Les premiers ordinateurs étaient essentiellement constitués d’une mémoire chargée de stocker les programmes informatiques ainsi que les données nécessaires à ces derniers, une unité arithmétique et logique chargée d’effectuer ces types d’opérations, et les unités d’échanges vers les périphériques (disques, imprimantes, etc.). En raison de la présence d’une seule unité arithmétique et logique, sur ce type d’architecture, un code de calcul est exécuté en mode séquentiel sur cette seule ressource ; cela correspond à l’exécution des instructions l’une après l’autre, donc une seule à la fois, même si les opérations à effectuer sont indépendantes.
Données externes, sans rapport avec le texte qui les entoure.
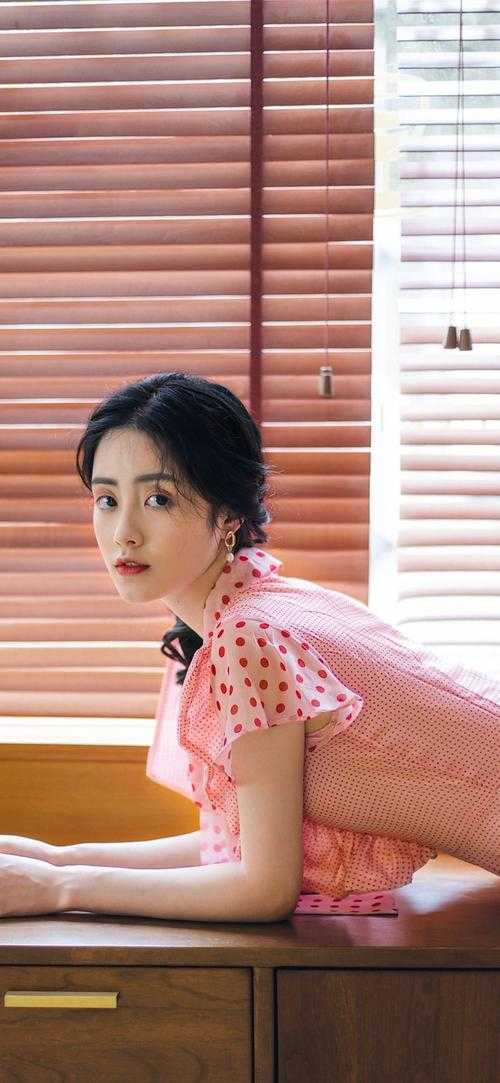 枯木吻别春花，从此陌路天涯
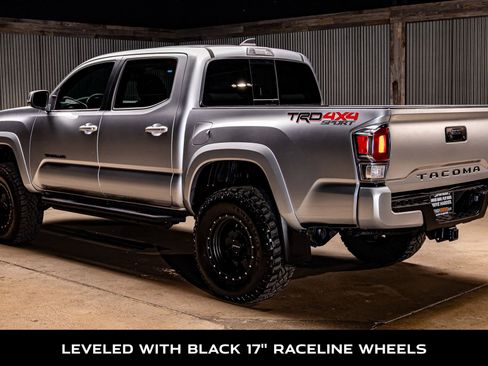 Used 2023 Toyota Tacoma TRD Sport image 6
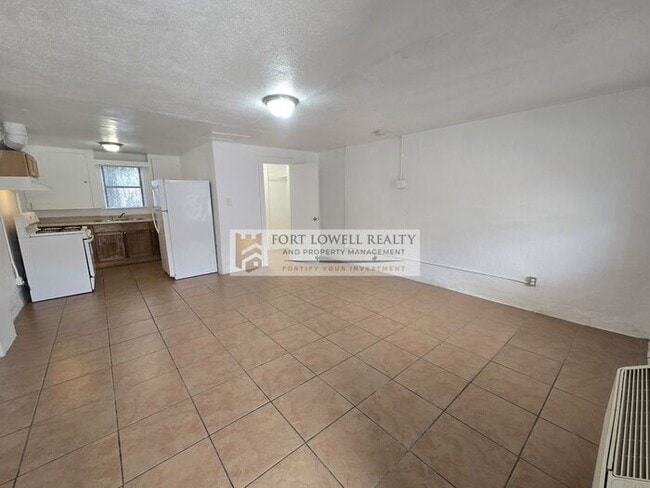 2740 N Stone Ave in Tucson, AZ - Building Photo - Building Photo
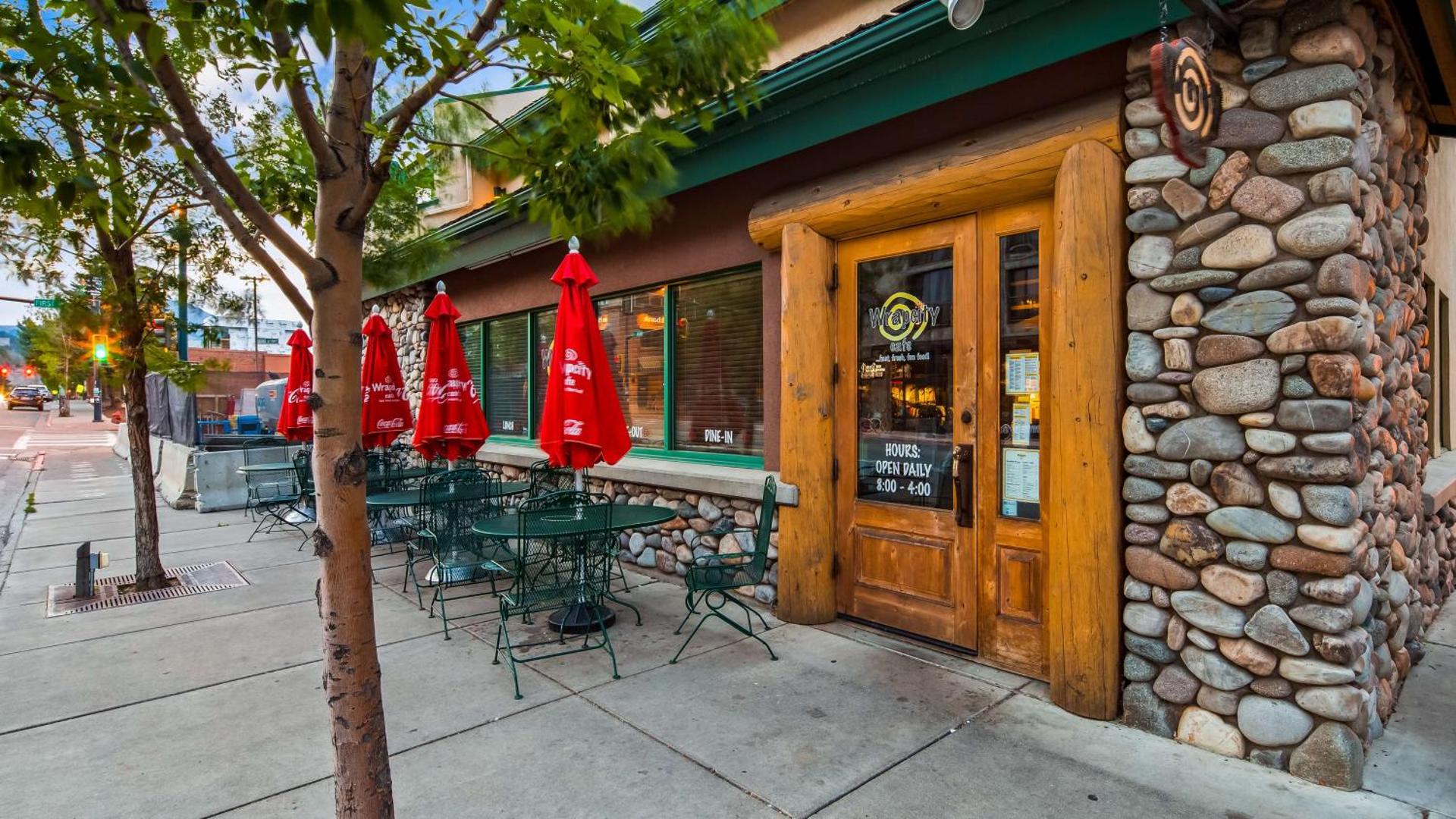 Restaurant/places to eat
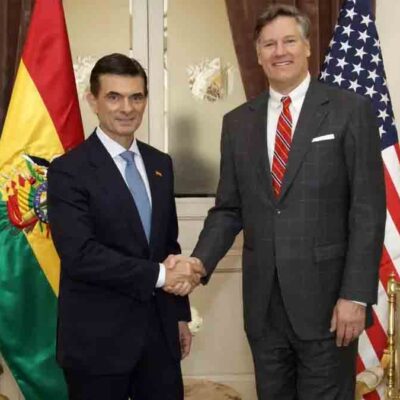 El vicesecretario de Estado de Estados Unidos, Christopher Landau, junto al presidente Rodrigo Paz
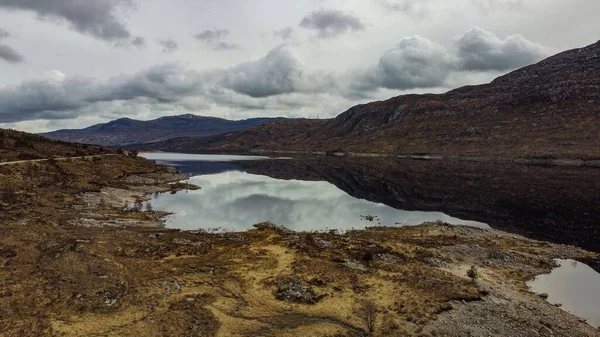 Ένα Μαγευτικό Τοπίο Μιας Λίμνης Βουνά Και Σύννεφα Αντανακλάται Στο — Φωτογραφία Αρχείου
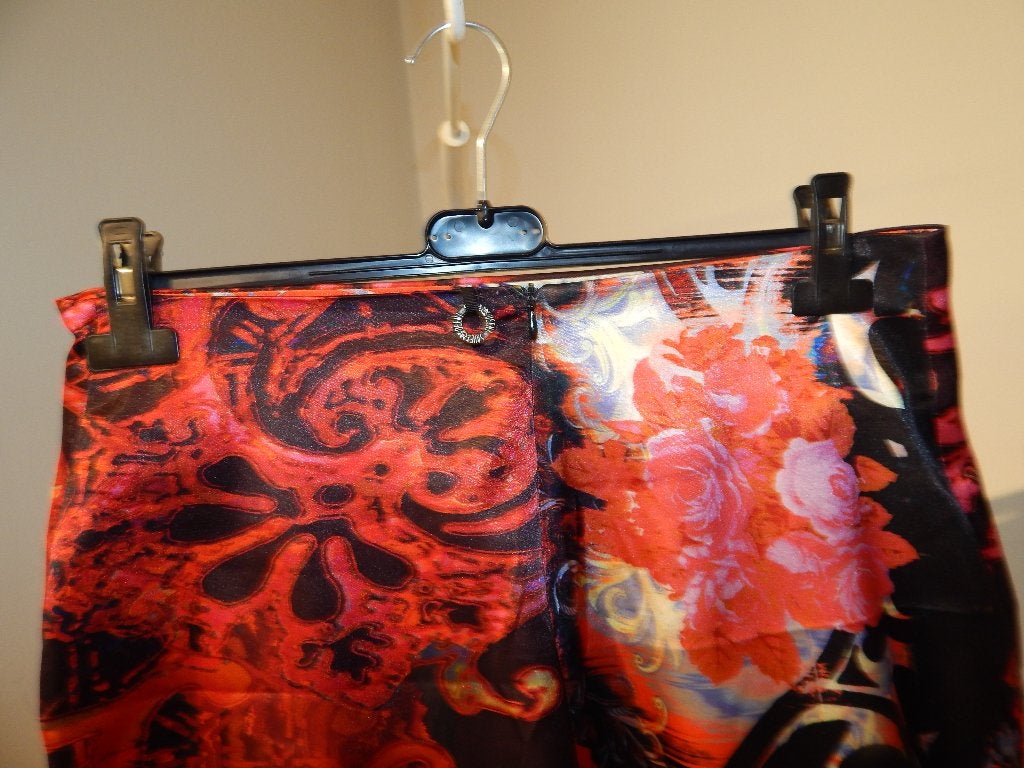 Save the Queen satijn achtige rok rood in mooie print XL, Maat 46/48 (XL) of groter, Save the Queen, Zo goed als nieuw, Knielengte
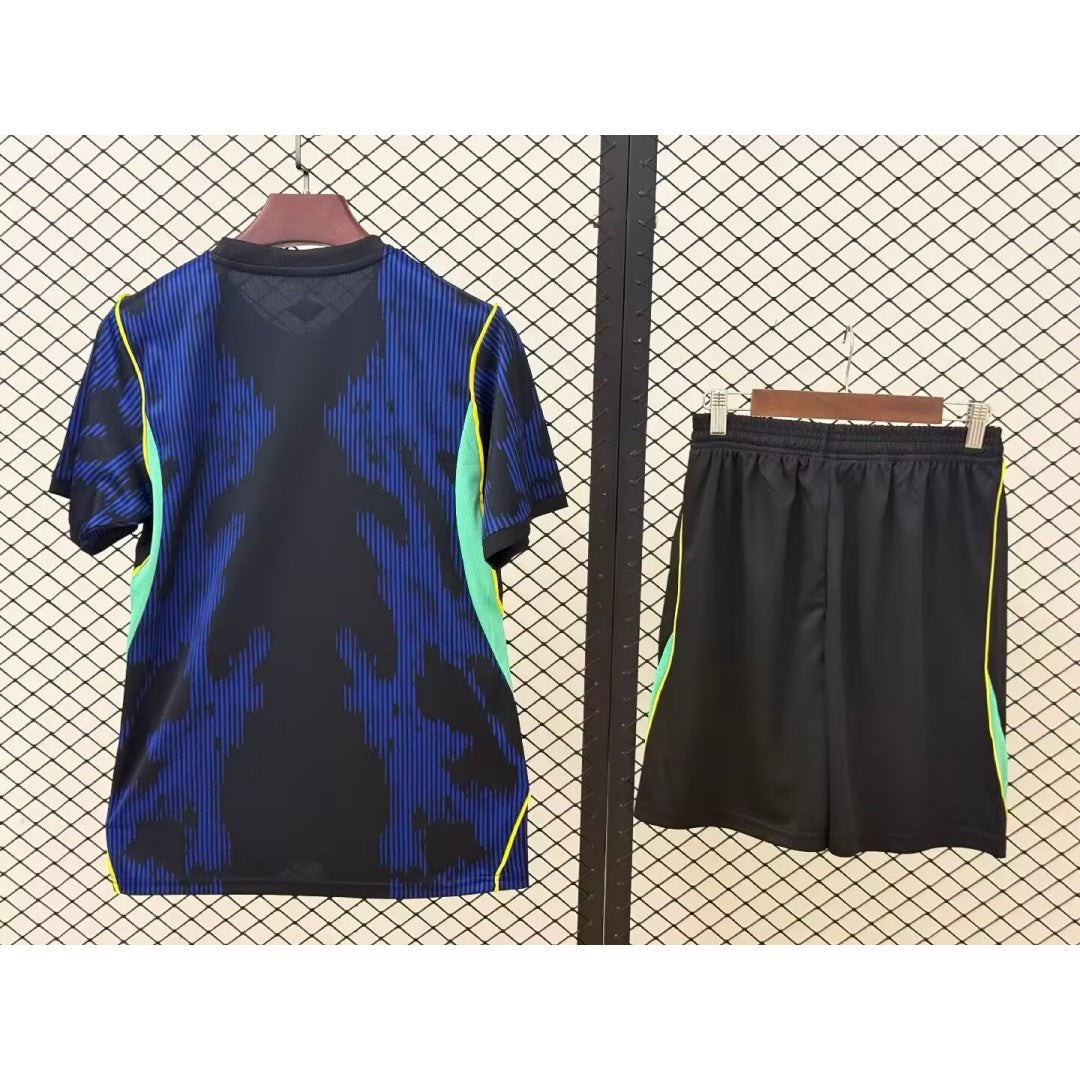 Ensemble de football 25/26 Brésil pour adulte, maillot extérieur de la marque Le 12 -ème Maillot, vue de face.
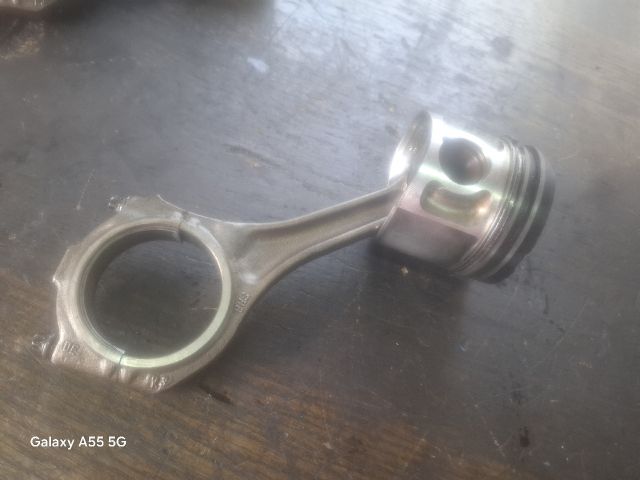 bontott AUDI A6 C5 Dugattyú és Hajtókar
Ce type d’exécution séquentielle a très rapidement atteint des limites de performances lorsque le calcul ne permet pas d’obtenir des résultats dans des délais raisonnables et nécessite un stockage mémoire important. Ainsi, pour des calculs rendus nécessaires pour traiter de grosses applications, comme par exemple en météorologie, ce type de programmation séquentielle n’est plus adapté et les performances de calcul ne sont pas satisfaisantes pour obtenir des résultats de simulation dans des temps relativement brefs.
Pour remédier à ces limitations le calcul parallèle est apparu comme une solution. Afin d’améliorer les performances des ordinateurs, cette solution consiste à exploiter au mieux les ressources de calcul et de mémorisation. La solution retenue revient à paralléliser les codes, c’est-à-dire à effectuer plusieurs calculs simultanément sur différentes ressources constituées pour chacune d’elle par une unité arithmétique et logique, appelée aussi processeur ; ainsi un plus grand nombre d’opérations sont effectuées en un temps minimal. Pour paralléliser un code de calcul, l’utilisateur est amené à décomposer le problème global à traiter en plusieurs sous-problèmes couplés chacun de taille plus petite. Ainsi plusieurs tâches de calcul pourront être traitées simultanément sur ces processeurs, le couplage entre les sous-problèmes étant effectué par des échanges de résultats entre les processus coopérants en parallèle. Par ce biais, à condition de bien optimiser les codes de calcul parallélisés, les temps d’exécution pourront nettement diminuer ce qui permettra de résoudre des problèmes de plus grande taille et de traiter des volumes de données plus importants.
Ce nouveau mode de calcul nécessite d’une part de remettre en cause l’architecture des premiers ordinateurs, d’autre part d’adapter le programme de calcul à un mode d’exécution parallèle et enfin d’apprendre de nouveaux langages et outils de programmation.
Les architectures de ces superordinateurs ont donc évoluées d’abord par la construction de machines à mémoire commune où tous les processeurs ont accès à cette dernière. Cependant ce type...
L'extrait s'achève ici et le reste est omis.